In total 95 patients were identified and their MRI were retrospectively reviewed. Among them, 40 % (38/95) of cases achieved pCR while 60% (58/95) were categorized as non-pCR on post-operative pathology evaluation. DWI score: the score of the two readers agreed on 91 lesions (96%) with kappa value of 0.93, suggesting excellent agreement. The mean score of the two readers were used for analysis. The number of patients scored as DWI 2,1, 0.5, 0 were 47, 7, 4 and 37. DWI score was strongly associated with residual disease. ROC analysis showed area under the ROC of 0.96 (95% Confidence interval: 0.92-0.99: figure 2). A cut-off value of score 1 or above resulted in sensitivity of 91% and specificity of 95%. The number of patients scored as kinetic 3,2,1 and 0 were 23, 9, 44 and 14 (5 patients were excluded due to lack of post contrast images or poor image quality). Area under the ROC of kinetic score was 0.78 (95% Confidence interval: 0.69-0.86: figure 2). False negative cases include two patients with invasive lobular carcinoma (one patient's MRI was shown in Case 2).

Disucussion

DWI-based evaluation of residual disease in pre-surgical MRI demonstrate excellent diagnostic performance, avoiding over-estimation of the enhanced fibrous tissues. On the other hand, residual disease is difficult to evaluate based on kinetic information. Possible reason of excellent performance in DWI score may be its association with the amount of cancer cells. Scar or fibrosis tended to be enhanced but to show lower signal on DWI at the end of the treatment. Our preliminary analysis indicated that overestimation may be reduced by careful examination based on DWI.

Conclusion

DWI-based evaluation of residual disease is a useful approach in pre-surgical evaluation of breast cancer following neoadjuvant systemic treatment.

Acknowledgements

No acknowledgement found.

References

1)Savannah C. Partridge, PhD, et al. Radiology 2018; 00: 1-11.

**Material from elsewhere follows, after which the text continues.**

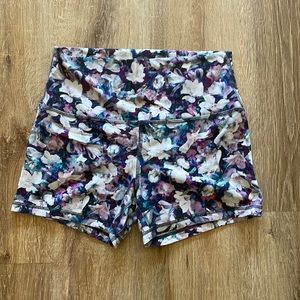 Lululemon size 10 shorts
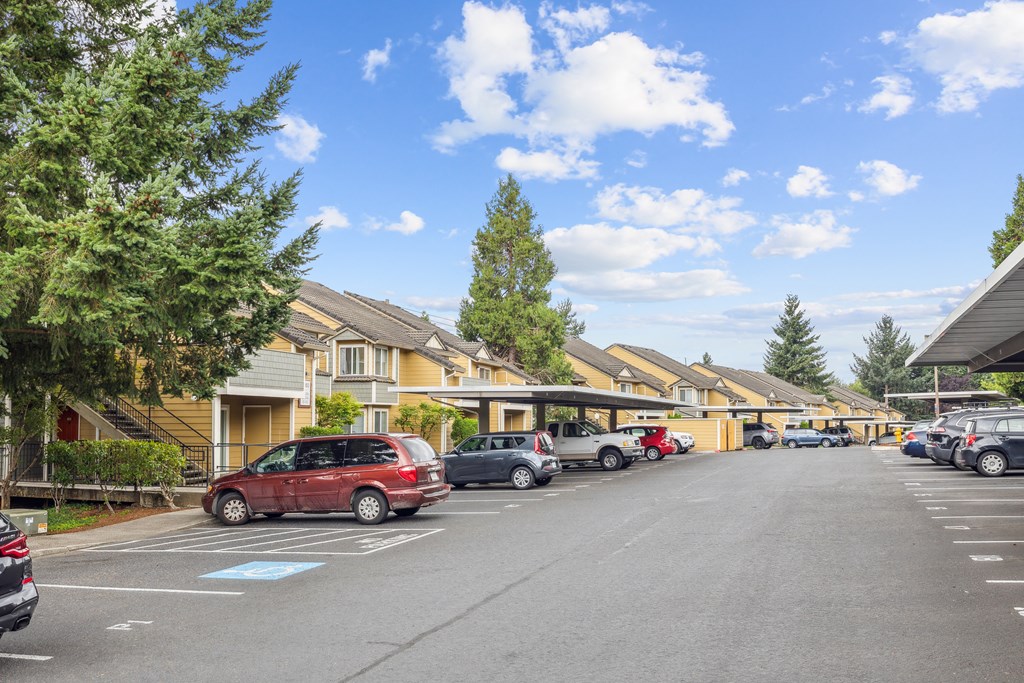 Maybeck at the Bend exterior and parking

2) Savannah C. Partridge, PhD and Elizabeth S. McDonald, MD, PhD, et al. Magn Reson Imaging Clin N Am. 2013 August ; 21(3): 601–624. doi:10.1016/j.mric.2013.04.007.

3) Shangang Liu, et al. J. Magn Reson Imaging 2015; 42:779-787.

4) Wei Chu, et al. Oncotarget. 2017 Dec 11;9(6):7088-7100.

5) Madoka Iwase, et al. Breast Cancer, 2018 Apr4.doi:10.1007/s12282-018-0856-6.

6) Seigo nakamura, Mitsutomi Ishiyama, et al. Breast Cancer 14:123-130,2007.

Figures

Figure 1: Diffusion-weighted imaging (DWI) score. DWI of the target lesion was evaluated and categorized as 3-point scale (2: obvious high signal intensity, 1: small (<10mm) focus of high – intermediate signal intensity, 0: no abnormal signal).

Figure 2: ROC curve of DWI score and kinetic score. ROC of DWI score analysis showed area under the ROC of 0.96 (95% Confidence interval: 0.92-0.99). Area under the ROC of kinetic score was 0.78 (95% Confidence interval: 0.69-0.86).

Case 1: 40 years old woman who underwnt neoajuvant systemic treatment (NST) for grade 3 HR-/HER2+ disease. The post-treatment DWI score was 0 (no abnormal signal). She had no residual disease at surgery (pCR).


Case 2: 40 years old woman who underwnt NST for ILC (invasive lobular carcinoma). The post-treatment DWI score was also 0, but she had residual disease at surgery (non-pCR).